Short web captions:
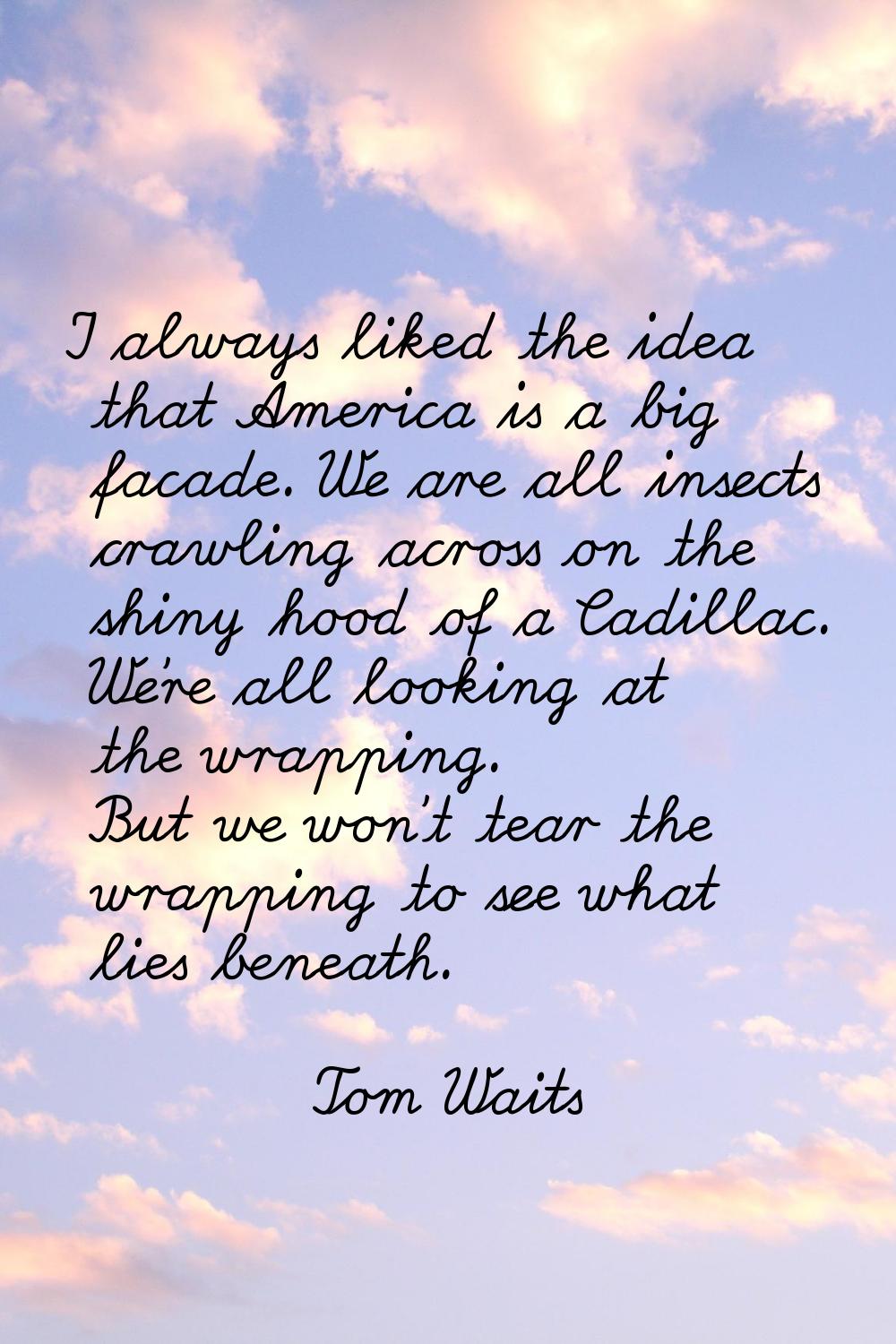I always liked the idea that America is a big facade. We are all insects crawling across on the shi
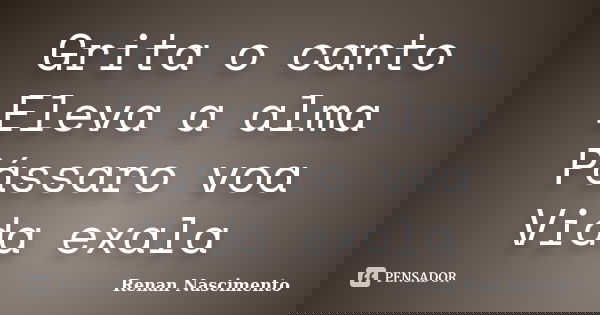 Grita o canto Eleva a alma Pássaro voa Vida exala... Frase de Renan Nascimento.
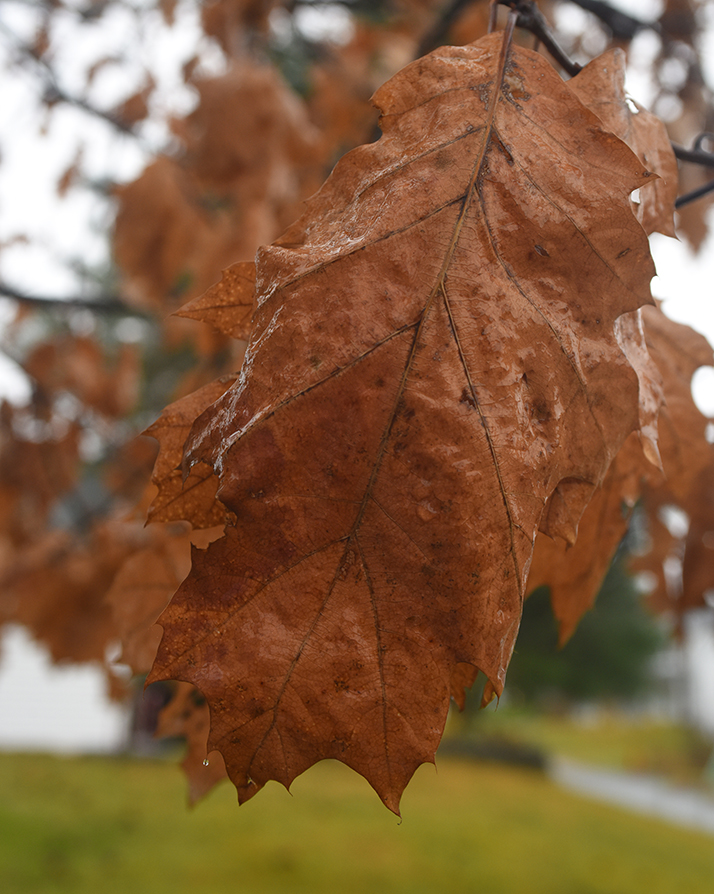Rainy day.jpg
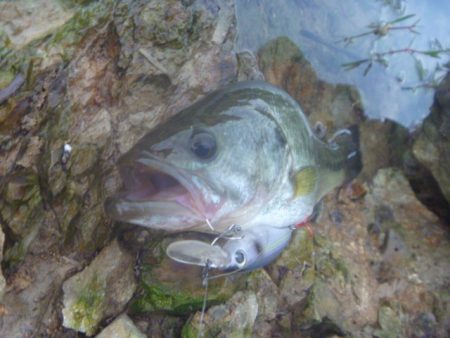 8月18日　一庫ダム釣行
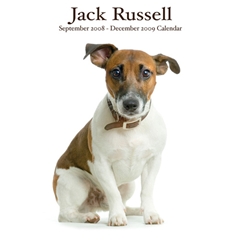 Magnet and Steel Jack Russell Terriers Wall Calendar: 2009
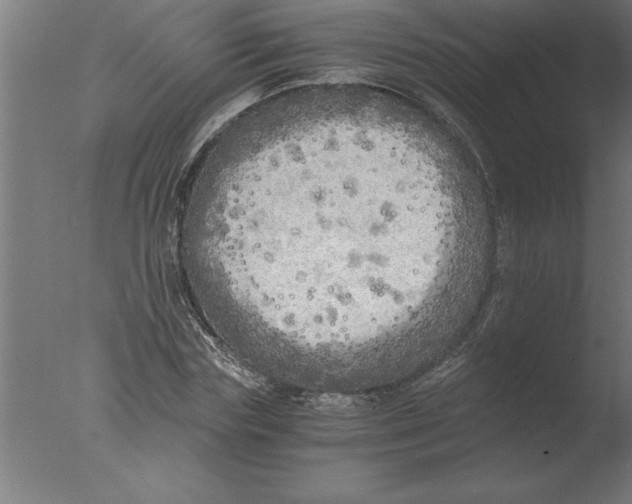 X0000076090827200610202104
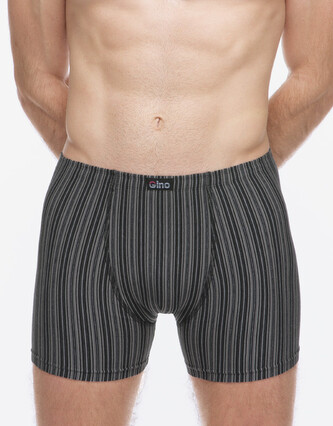 Pánské boxerky Gino vícebarevné (74183-MxCDxG) M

◆ Your task
Leave out the pictures and copy every record above exactly.

◆ Answer to this task
I always liked the idea that America is a big facade. We are all insects crawling across on the shi
 Grita o canto Eleva a alma Pássaro voa Vida exala... Frase de Renan Nascimento.
Rainy day.jpg
 8月18日　一庫ダム釣行
 Magnet and Steel Jack Russell Terriers Wall Calendar: 2009
 X0000076090827200610202104
 Pánské boxerky Gino vícebarevné (74183-MxCDxG) M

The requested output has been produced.